Pelaku sendiri dilaporkan istrinya ke Polres Tigakraksa atas perbuatan kekerasan dalam rumah tangga, dengan melakukan pemukulan di bagian wajah. Namun kasus penganiayaan tersebut sampai saat ini belum ada kejelasan dari pihak kepolisian.
“Kami sudah laporkan kasus ini kepihak kepolisian polres Tigaraksa. Namun selama 3 bulan ini kasus tersebut tidak ada kejelasan, polisi menanggap kasus ini ringan. Apa yang sebenarnya pola pikir penyidik dalam kasus tersebut,” katanya.
Lebih lanjut Sabaruddin mengatakan, bentuk antisipasi pihak kepolisian untuk menekan angka kekerasan terhadap perempuan yakni dengan cara turun melakukan pembinaan serta penyuluhan.
Diharapkan, muncul kesadaran masyarakat untuk menghargai hak-hak perempuan sehingga tidak muncul kekerasan yang mengakibatkan permasalahan sampai mengarah ke tindak pidana.
“Ada baiknya Tangsel mencontoh seperti Kota Bekasi yang UNI PPA (Perlindungan Perempuan dan Anak) banyak diisi oleh penyidik polwan, agar secara psikologis mereka lebih bisa diharapkan dalam perlindungan terhadap perempuan” pungkasnya.

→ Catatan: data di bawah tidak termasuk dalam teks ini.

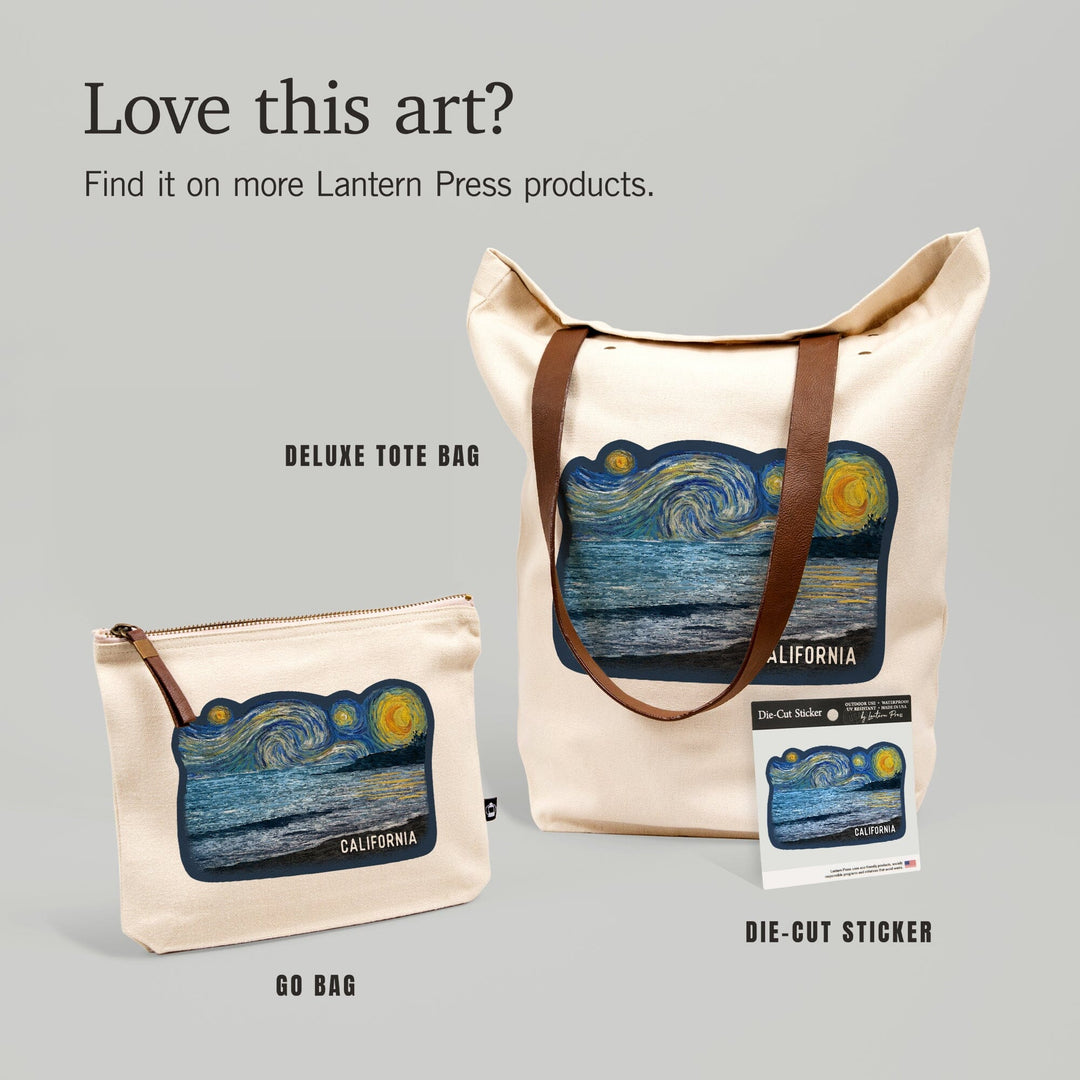 California, Starry Night, Ocean,, Organic Cotton Zipper Pouch, Go Bag Totes Lantern Press 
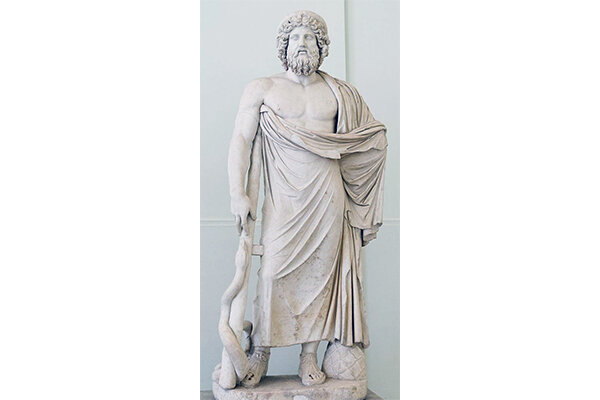 Предполагаемая статуя Эскулапа из римского храма (коллекция Фарнезе в Национальном археологическом музее в Неаполе)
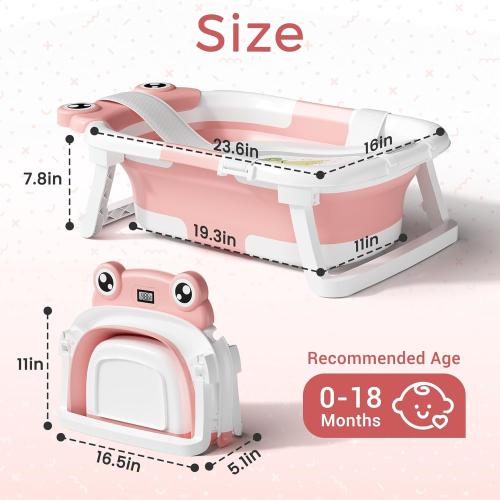 Baby Bathtub, Collapsible Newborn Bathtub for Infant to Toddler 0-24 Months with Soft Cushion and Thermometer,Portable Travel Newborn Tub with No-Slip Feet, Baby Shower Gifts,Pink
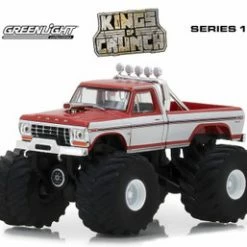Ford F-250, Red With White - Greenlight 49010E/48 - 1/64 Scale Diecast Model Toy Car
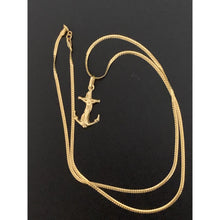 Load image into Gallery viewer, 18k Gold Necklace Chain 19.50" with Cross Anchor Pendant - Rafant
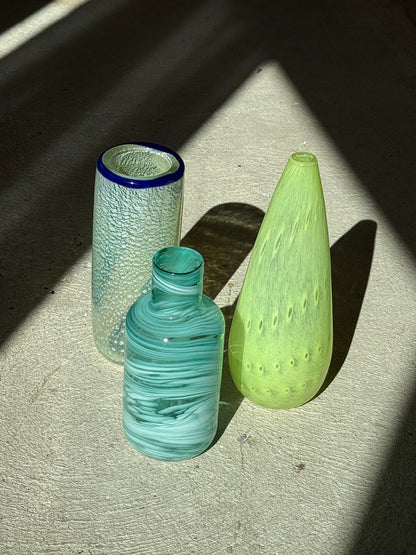 Mundblæst gul vase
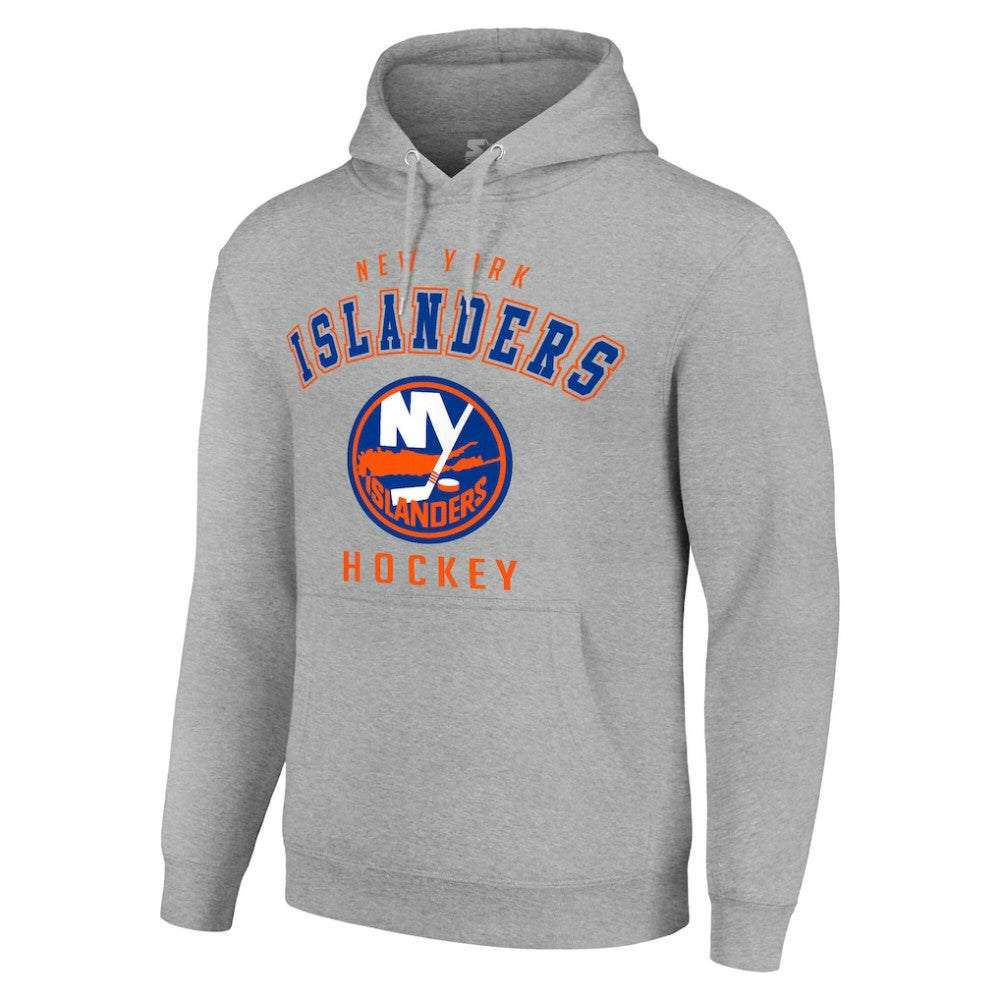 New York Islanders Starter Logo Pullover Hoodie - Heather Gray | US 202216352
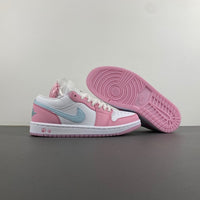 Low Top Sneakers, White Pink Colorway, Lace Up Design, Casual Gift for Sneaker Fans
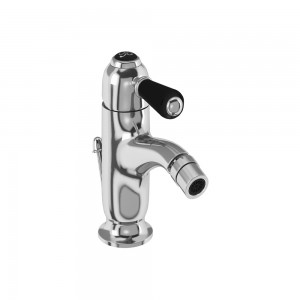 Burlington CH23BLA Chelsea Curved Spout Monobloc Bidet Mixer with Pop-Up Waste Chrome & Matt Black Tap Lever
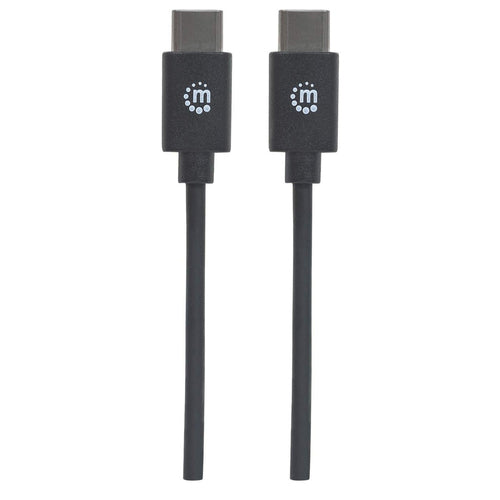 Manhattan USB-C to USB-C Cable, 3m, Male to Male, Black, 480 Mbps (USB 2.0), Hi-Speed USB, Lifetime Warranty, Equivalent to USB2CC3M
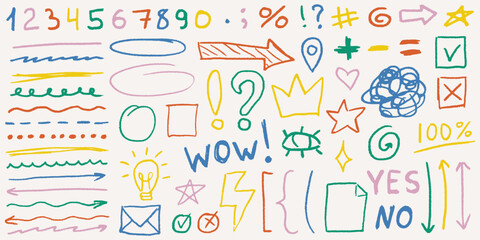 Funky multi colored crayon drawn lines and messy scribbles with playful scrawls, grainy texture, doodled stars and crowns, chaotic strokes and quirky shapes.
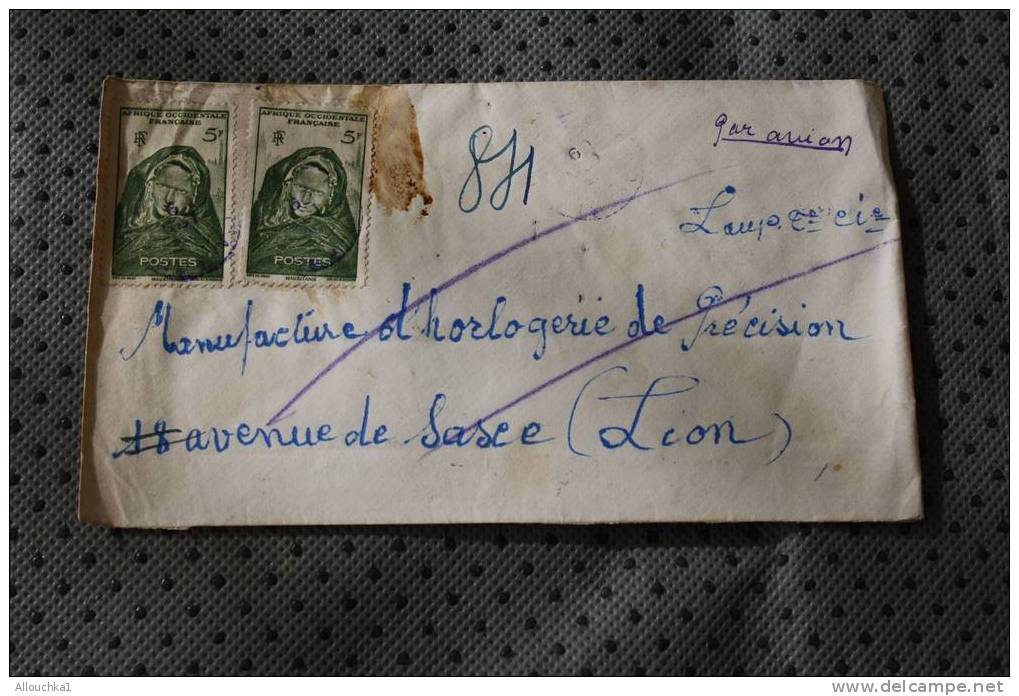 DAKEL  AOF  EX AFRIQUE OCCIDENTALE FRANCAISE : ENVELOPPE AFF 2 TIMBRES SUR LETTRE AVION GRIFFE INCONNU ???MAIS BEN ARRI - Lettres & Documents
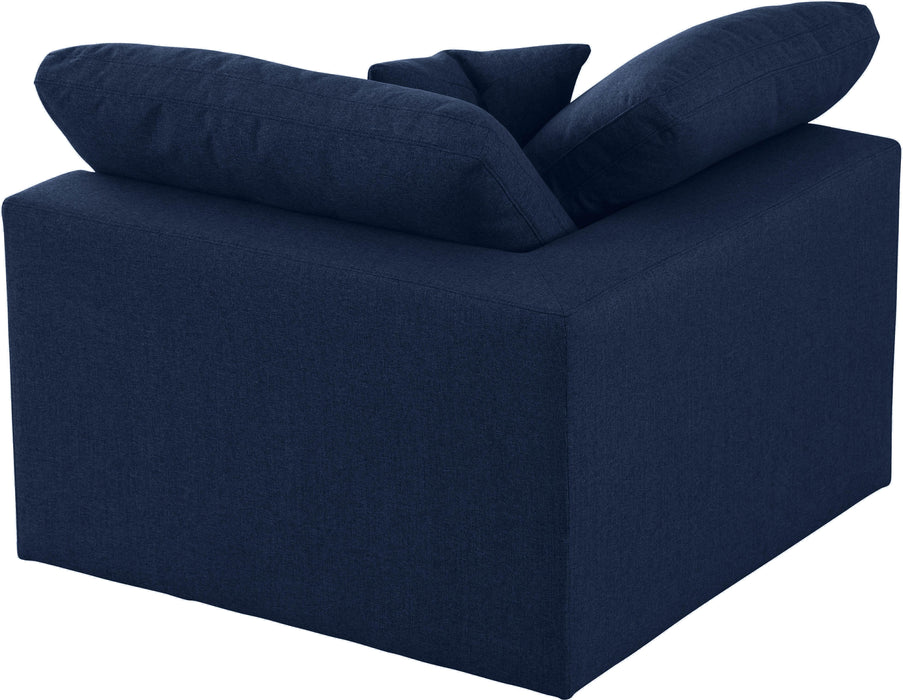 Serene Navy Linen Fabric Deluxe Cloud Corner Chair - Bargain Furniture (Detroit, MI)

Sementara itu, Fitria Delifa, salah seorang korban kekerasan dalam rumah tangga menuturkan, ketidaktahuan akan hak dan buta hukum yang menyebabkan perempuan kurang dilindungi baik pada saat mengalami kekerasan maupun saat memproses di kepolisian.
Dokter yang saat ini bekerja disalah satu Puskesmas di Setu ini juga menambahkan, bahwa KDRT adalah perkara laten. Angka angka dikepolisian hanyalah fenomena gunung es saja, karna pada kenyataannya, korban yang tidak melapor jauh lebih banyak.(evan)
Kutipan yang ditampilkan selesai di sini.